Ag Investment Trends On The Minds Of Investors In 2025

At the end of each year, Harvest Returns generates a list of trends in the agriculture investment space based on investor sentiment and what we observe across the industry. Before jumping into 2025 predictions, we’ll take a moment to review how accurate our forecasts turned out for 2024.

Last year, we anticipated a resurgence in the Controlled Environment Agriculture space. This prediction did not pan out as additional high-profile vertical farming companies vaporized shareholder equity, and others struggled to stay afloat. Investment in regenerative agriculture gained significant momentum globally in 2024 and will likely see further gains next year. Agriculture biologicals also attracted significant capital with notable investments by Corteva Catalyst’s fund in SOLASTA Bio, Micropep, and Pairwise.

For 2025, here are five trends to watch:

RFK Jr’s Vision For A Healthy America

In February, the Senate voted to install Robert F. Kennedy Jr. at the helm of the Department of Health and Human Services. There are many questions about what happens next as Kennedy takes control at the huge health agency. His ideas could have some interesting, if unpredictable, impacts on America’s food and agriculture systems. Among other things, RFK Jr. has opposed the Food and Drug Administration’s mandates against raw milk, clean foods, and nutraceuticals, while arguing against seed oils, pesticide-intensive agriculture, and ultra-processed foods. This appointment, and others at USDA and the FDA could impact where capital flows into America’s food system over the next four years.

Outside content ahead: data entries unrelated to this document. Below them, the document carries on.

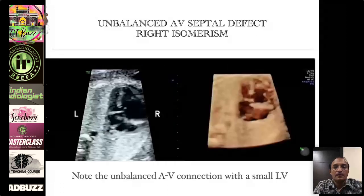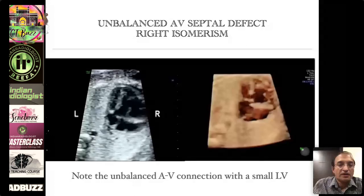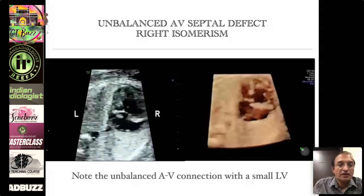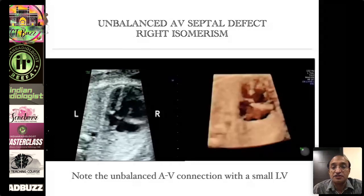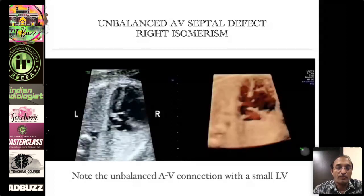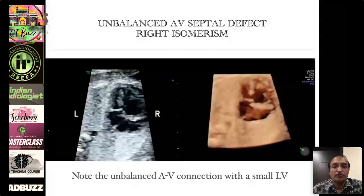The entity I just showed was a balanced type of AV septal defect, where the two ventricles were equal sized. Now look at this type of AV septal defect — the valve is predominantly opening into the right ventricle, which is large, while the ventricle on the left side is really small. This should be termed an unbalanced type of AV septal defect with a small LV.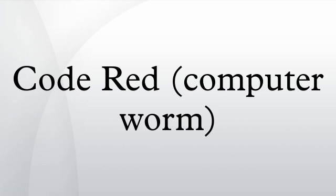It did this by using a long string of the repeated letter N to overflow a buffer, allowing the worm to execute arbitrary code and infect the machine.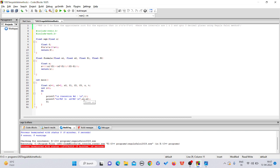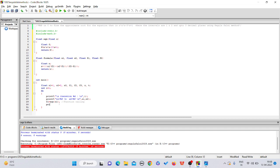Now compute f1 and f2 by calling the equation function. Set f1 = eqn(x1) and f2 = eqn(x2) — this is function calling where x1 and x2 are passed to the equation. Then print the values of f(x1) and f(x2) on screen so we can see them at each iteration.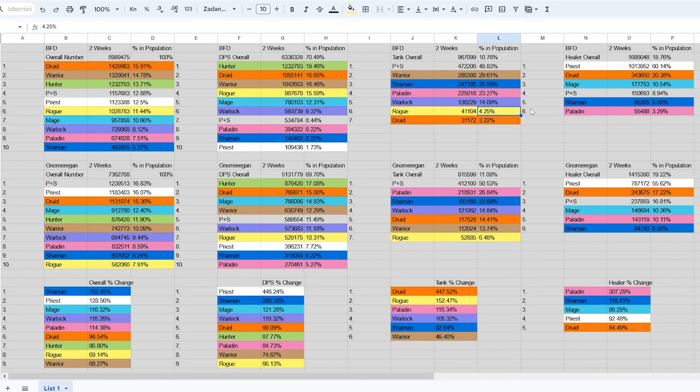Feral druids were just bad overall, but rogue tanks were the second best tanks in terms of DPS, just after protection warriors. Their unpopularity is mainly based on Blizzard missing the mark with the class fantasy.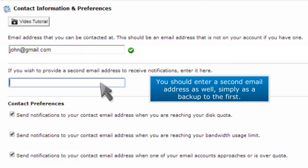You should enter a second email address as well, simply as a backup to the first.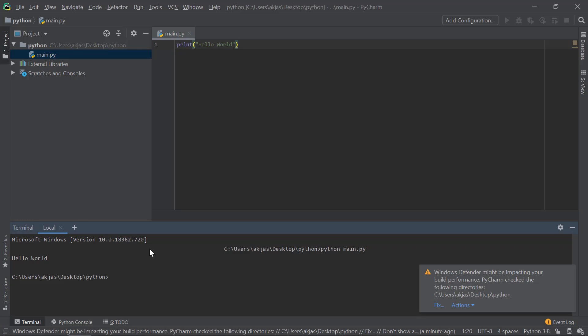Alright, so that's the installation and the basic command in Python—the print function. That's the end of this video. In the next video, we'll be discussing variables and data types in Python. If you have any doubts regarding this video, you could put that in the comment section below, or if you like this video, please hit the thumbs-up button and subscribe to my channel.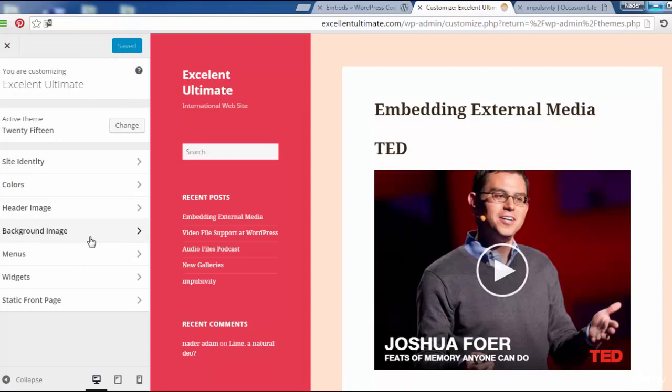All of these are the common customizing. See you in the next lecture to discuss more about menu and widgets. Goodbye.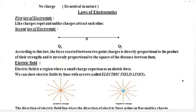The second point is that this force is inversely proportional to the square of the distance between them. So if we reduce the distance, this force will increase. If we increase the distance, this force will decrease. When one quantity is increasing and the second is decreasing, we call it an inversely proportional relation.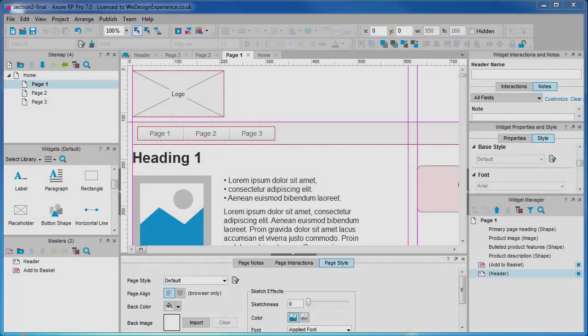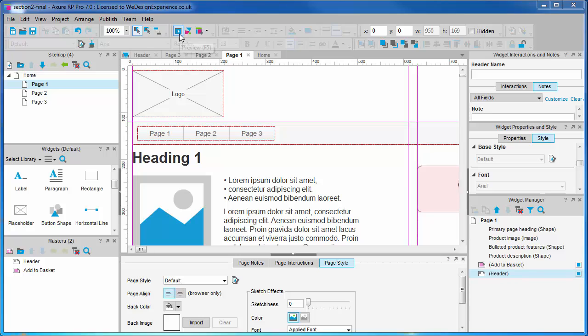Up next, we will run a preview of our wireframes and learn how to browse them. We'll inspect the page and widget notes we have inserted. Now you would probably like to see how you can browse your wireframes. Let's run a simple preview by pressing F5.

Regenerative Agriculture Has Growing Appeal

The interest in regenerative food systems and agricultural practices has been growing in the investment community, despite the lack of standards on what exactly that term constitutes. Shifting to regenerative practices requires an upfront investment in infrastructure and equipment. Several companies announced funds to raise capital for converting farmland into regenerative production, while government incentives and non-profit grants into the space also grew.

Regenerative agriculture holds promise, but there are significant challenges associated with its adoption. Scalability is a common concern, as many regenerative efforts remain small-scale, artisanal, fragmented, and difficult to replicate on a larger scale and regenerative agriculture competes heavily with conventional production for subsidies. One of the areas that could see a “meet in the middle” approach across the spectrum of regenerative food acolytes is some consensus on regenerative standards, disclosure, and labeling. Though the sector may see a de-emphasis on carbon sequestration, interest in other positive aspects of regenerative agriculture including nutrition, soil health, and preservation of biodiversity could gain new backers.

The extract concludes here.